Without changing anything, output the records below.

☆ ☆ ☆

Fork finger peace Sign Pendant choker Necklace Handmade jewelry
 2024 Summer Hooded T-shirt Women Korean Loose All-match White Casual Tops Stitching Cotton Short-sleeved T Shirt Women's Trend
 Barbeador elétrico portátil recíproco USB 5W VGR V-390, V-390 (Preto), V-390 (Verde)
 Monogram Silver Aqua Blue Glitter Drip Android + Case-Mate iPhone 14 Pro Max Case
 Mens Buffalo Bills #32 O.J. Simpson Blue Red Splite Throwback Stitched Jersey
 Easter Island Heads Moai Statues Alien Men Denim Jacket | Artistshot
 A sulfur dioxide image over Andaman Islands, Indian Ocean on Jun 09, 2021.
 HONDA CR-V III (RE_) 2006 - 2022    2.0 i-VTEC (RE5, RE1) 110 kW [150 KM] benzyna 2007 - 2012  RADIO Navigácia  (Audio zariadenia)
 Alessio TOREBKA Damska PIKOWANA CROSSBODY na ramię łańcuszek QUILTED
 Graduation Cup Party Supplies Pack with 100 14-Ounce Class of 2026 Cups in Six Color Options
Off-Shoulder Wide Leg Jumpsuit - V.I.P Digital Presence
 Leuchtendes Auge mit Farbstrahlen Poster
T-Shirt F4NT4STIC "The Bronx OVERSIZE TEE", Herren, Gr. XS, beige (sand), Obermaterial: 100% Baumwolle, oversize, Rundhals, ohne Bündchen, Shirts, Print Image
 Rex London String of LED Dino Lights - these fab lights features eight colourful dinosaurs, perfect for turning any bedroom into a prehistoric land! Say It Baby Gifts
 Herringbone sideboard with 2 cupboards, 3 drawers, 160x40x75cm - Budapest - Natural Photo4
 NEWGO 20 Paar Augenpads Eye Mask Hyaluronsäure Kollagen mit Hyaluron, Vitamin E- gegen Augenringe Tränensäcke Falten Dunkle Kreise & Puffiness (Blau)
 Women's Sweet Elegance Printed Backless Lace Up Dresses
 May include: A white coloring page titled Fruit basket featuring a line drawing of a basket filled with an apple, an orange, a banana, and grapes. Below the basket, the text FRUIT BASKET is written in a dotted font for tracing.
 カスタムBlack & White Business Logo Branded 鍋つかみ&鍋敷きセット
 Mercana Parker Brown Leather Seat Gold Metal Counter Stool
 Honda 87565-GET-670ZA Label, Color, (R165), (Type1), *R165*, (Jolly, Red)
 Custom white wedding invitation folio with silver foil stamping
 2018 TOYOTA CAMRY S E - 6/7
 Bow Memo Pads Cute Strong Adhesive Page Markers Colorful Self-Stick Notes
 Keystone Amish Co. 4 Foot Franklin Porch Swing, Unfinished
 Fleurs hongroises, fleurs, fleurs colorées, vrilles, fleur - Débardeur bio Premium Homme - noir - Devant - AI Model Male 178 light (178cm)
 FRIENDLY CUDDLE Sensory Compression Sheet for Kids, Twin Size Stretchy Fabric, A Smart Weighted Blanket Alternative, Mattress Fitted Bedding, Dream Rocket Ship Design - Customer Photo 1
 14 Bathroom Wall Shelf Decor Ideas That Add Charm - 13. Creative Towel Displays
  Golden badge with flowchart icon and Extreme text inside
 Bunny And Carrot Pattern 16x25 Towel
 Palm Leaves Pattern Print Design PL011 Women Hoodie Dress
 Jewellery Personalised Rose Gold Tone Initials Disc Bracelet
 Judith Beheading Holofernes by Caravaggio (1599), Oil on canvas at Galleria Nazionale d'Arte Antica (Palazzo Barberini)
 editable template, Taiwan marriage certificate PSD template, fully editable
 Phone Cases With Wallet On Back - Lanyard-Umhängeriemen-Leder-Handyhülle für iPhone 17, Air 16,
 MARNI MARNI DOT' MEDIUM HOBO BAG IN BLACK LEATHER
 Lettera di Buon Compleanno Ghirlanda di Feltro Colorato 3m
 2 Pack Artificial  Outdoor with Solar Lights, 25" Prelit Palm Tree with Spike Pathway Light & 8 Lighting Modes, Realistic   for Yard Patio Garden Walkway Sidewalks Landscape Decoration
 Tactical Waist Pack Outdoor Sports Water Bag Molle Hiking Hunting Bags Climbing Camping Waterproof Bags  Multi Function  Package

☆ ☆ ☆

**PROBLEM SOLUTION:**
Fork finger peace Sign Pendant choker Necklace Handmade jewelry
 2024 Summer Hooded T-shirt Women Korean Loose All-match White Casual Tops Stitching Cotton Short-sleeved T Shirt Women's Trend
 Barbeador elétrico portátil recíproco USB 5W VGR V-390, V-390 (Preto), V-390 (Verde)
 Monogram Silver Aqua Blue Glitter Drip Android + Case-Mate iPhone 14 Pro Max Case
 Mens Buffalo Bills #32 O.J. Simpson Blue Red Splite Throwback Stitched Jersey
 Easter Island Heads Moai Statues Alien Men Denim Jacket | Artistshot
 A sulfur dioxide image over Andaman Islands, Indian Ocean on Jun 09, 2021.
 HONDA CR-V III (RE_) 2006 - 2022    2.0 i-VTEC (RE5, RE1) 110 kW [150 KM] benzyna 2007 - 2012  RADIO Navigácia  (Audio zariadenia)
 Alessio TOREBKA Damska PIKOWANA CROSSBODY na ramię łańcuszek QUILTED
 Graduation Cup Party Supplies Pack with 100 14-Ounce Class of 2026 Cups in Six Color Options
Off-Shoulder Wide Leg Jumpsuit - V.I.P Digital Presence
 Leuchtendes Auge mit Farbstrahlen Poster
T-Shirt F4NT4STIC "The Bronx OVERSIZE TEE", Herren, Gr. XS, beige (sand), Obermaterial: 100% Baumwolle, oversize, Rundhals, ohne Bündchen, Shirts, Print Image
 Rex London String of LED Dino Lights - these fab lights features eight colourful dinosaurs, perfect for turning any bedroom into a prehistoric land! Say It Baby Gifts
 Herringbone sideboard with 2 cupboards, 3 drawers, 160x40x75cm - Budapest - Natural Photo4
 NEWGO 20 Paar Augenpads Eye Mask Hyaluronsäure Kollagen mit Hyaluron, Vitamin E- gegen Augenringe Tränensäcke Falten Dunkle Kreise & Puffiness (Blau)
 Women's Sweet Elegance Printed Backless Lace Up Dresses
 May include: A white coloring page titled Fruit basket featuring a line drawing of a basket filled with an apple, an orange, a banana, and grapes. Below the basket, the text FRUIT BASKET is written in a dotted font for tracing.
 カスタムBlack & White Business Logo Branded 鍋つかみ&鍋敷きセット
 Mercana Parker Brown Leather Seat Gold Metal Counter Stool
 Honda 87565-GET-670ZA Label, Color, (R165), (Type1), *R165*, (Jolly, Red)
 Custom white wedding invitation folio with silver foil stamping
 2018 TOYOTA CAMRY S E - 6/7
 Bow Memo Pads Cute Strong Adhesive Page Markers Colorful Self-Stick Notes
 Keystone Amish Co. 4 Foot Franklin Porch Swing, Unfinished
 Fleurs hongroises, fleurs, fleurs colorées, vrilles, fleur - Débardeur bio Premium Homme - noir - Devant - AI Model Male 178 light (178cm)
 FRIENDLY CUDDLE Sensory Compression Sheet for Kids, Twin Size Stretchy Fabric, A Smart Weighted Blanket Alternative, Mattress Fitted Bedding, Dream Rocket Ship Design - Customer Photo 1
 14 Bathroom Wall Shelf Decor Ideas That Add Charm - 13. Creative Towel Displays
  Golden badge with flowchart icon and Extreme text inside
 Bunny And Carrot Pattern 16x25 Towel
 Palm Leaves Pattern Print Design PL011 Women Hoodie Dress
 Jewellery Personalised Rose Gold Tone Initials Disc Bracelet
 Judith Beheading Holofernes by Caravaggio (1599), Oil on canvas at Galleria Nazionale d'Arte Antica (Palazzo Barberini)
 editable template, Taiwan marriage certificate PSD template, fully editable
 Phone Cases With Wallet On Back - Lanyard-Umhängeriemen-Leder-Handyhülle für iPhone 17, Air 16,
 MARNI MARNI DOT' MEDIUM HOBO BAG IN BLACK LEATHER
 Lettera di Buon Compleanno Ghirlanda di Feltro Colorato 3m
 2 Pack Artificial  Outdoor with Solar Lights, 25" Prelit Palm Tree with Spike Pathway Light & 8 Lighting Modes, Realistic   for Yard Patio Garden Walkway Sidewalks Landscape Decoration
 Tactical Waist Pack Outdoor Sports Water Bag Molle Hiking Hunting Bags Climbing Camping Waterproof Bags  Multi Function  Package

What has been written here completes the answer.